It’s hard to find filmed theatrical performances! Of course, there’s nothing like being part of a live audience. But when a show is either too expensive or too far away or already ended, it’s nice to know that filmed performances last for us to see. Feel free to comment below with other links or tools you use to watch filmed theatrical performances!
Digital Theatre is amazing for watching shows from across the pond. For a small charge you can rent filmed performances from hot West End tickets and there’s a really wide selection to choose from. I watched last year’s acclaimed production of Merrily We Roll Along, and not only was the show excellent, but the platform was super accessible. Lots of theater companies are featured too, like the RSC, the Menier Chocolate Factory, The Young Vic, and more.
RSC’s Live From Stratford-Upon-Avon broadcasts performances to cinemas around the world. So does Globe On Screen Check their online schedule for participating theaters in your area. DVDs are often released of these tapings.
Okay, honestly, the West End is on their game and Broadway needs to take note. National Theater Live is yet another British-based resource for watching hot West End performances. I’ve seen a number of these productions (Coriolanus, Curious Incident of the Dog in the Night-Time, Frankenstein, Habit of Art) and they’re all pretty awesome. The price of the ticket a bit more expensive than a normal movie ticket (usually $20-25), but it’s so worth it!

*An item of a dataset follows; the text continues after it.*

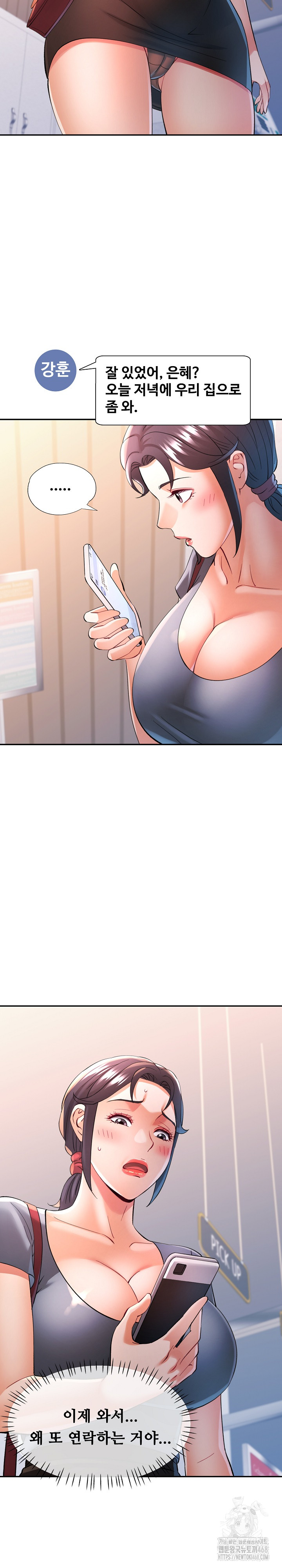 In Her Place Raw - Chapter 104 [photo 28] - MangaPorn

Unfortunately PBS is the only legal way that we know of to watch American Broadway productions. Watching fully-staged productions is even harder. Unless you get a magic pass to the New York Public Performing Arts Library, or you find magic bootlegs on Youtube, or your show gets a magic DVD release (like Passing Strange or Memphis) it’s kind of impossible. New York Philharmonic’s March production of Sweeney Todd with Emma Thompson will be aired on PBS’s Live From Lincoln Center series later this year. Great Performances is also amazing for catching filmed performances, and it looks like PBS is also amping up its digital game– you can now watch tons of recent performances, like Matthew Bourne’s Sleeping Beauty, Sting’s The Last Ship, David Tennant in Hamlet, and about 25 other full episodes (plus many more scenes and clips). Opera lovers have lots more options, since the Met Opera has an On-Demand service.